TASK DESCRIPTION:
In the entries that follow, the lines from the one with "Frisbeegolfia @VetoDiscgolfpark - Yksi" through the one with "MAHOOT Traditional-tile Design" are the ones to write out, exactly and with both ends included. Nothing else should appear.

MATERIAL FOR THIS EXERCISE:
=== Begin Enclosure ===

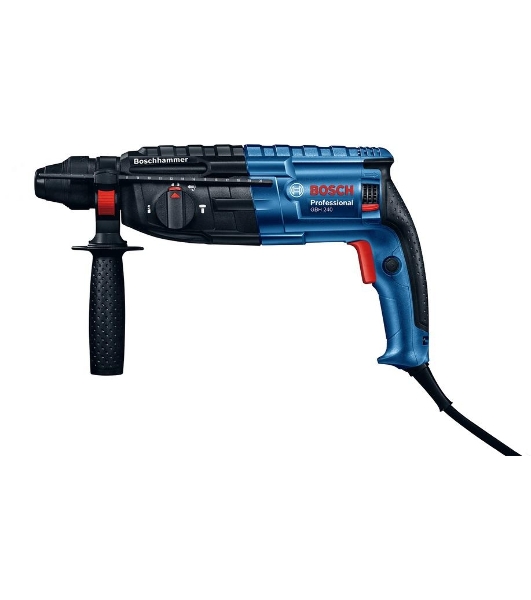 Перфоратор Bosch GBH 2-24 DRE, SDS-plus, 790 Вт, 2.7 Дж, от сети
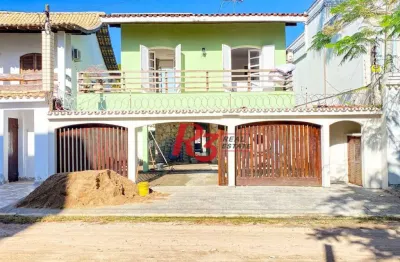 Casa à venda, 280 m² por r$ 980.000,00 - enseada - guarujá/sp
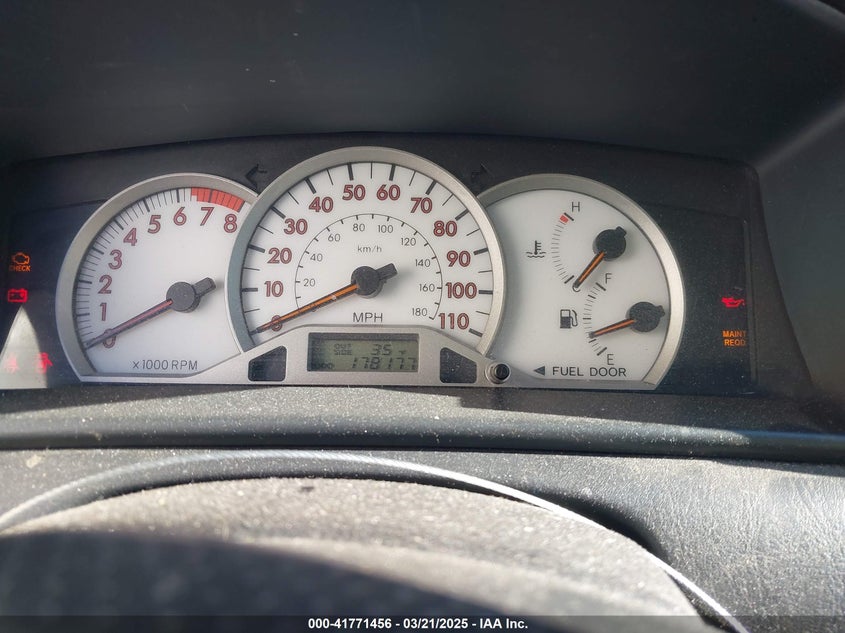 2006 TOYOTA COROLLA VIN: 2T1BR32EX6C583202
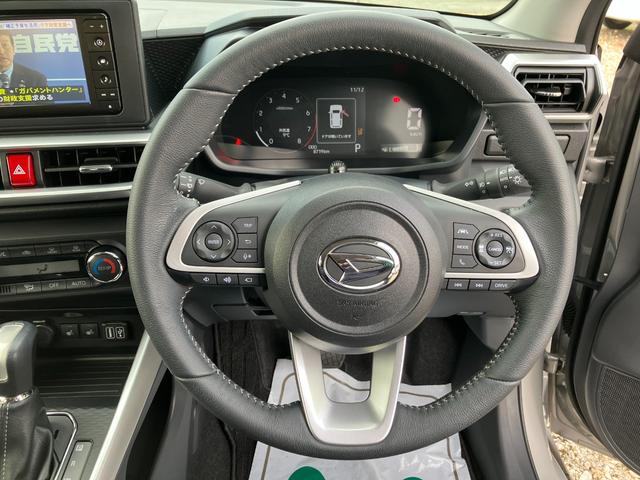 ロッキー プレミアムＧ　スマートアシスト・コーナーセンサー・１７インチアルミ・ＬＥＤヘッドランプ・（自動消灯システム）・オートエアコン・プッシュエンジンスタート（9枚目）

=== End Enclosure ===
=== Begin Enclosure ===

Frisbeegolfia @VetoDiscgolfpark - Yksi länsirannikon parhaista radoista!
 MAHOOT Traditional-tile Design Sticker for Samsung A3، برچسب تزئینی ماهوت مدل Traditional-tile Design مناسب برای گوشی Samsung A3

=== End Enclosure ===

YOUR SOLUTION:
Frisbeegolfia @VetoDiscgolfpark - Yksi länsirannikon parhaista radoista!
 MAHOOT Traditional-tile Design Sticker for Samsung A3، برچسب تزئینی ماهوت مدل Traditional-tile Design مناسب برای گوشی Samsung A3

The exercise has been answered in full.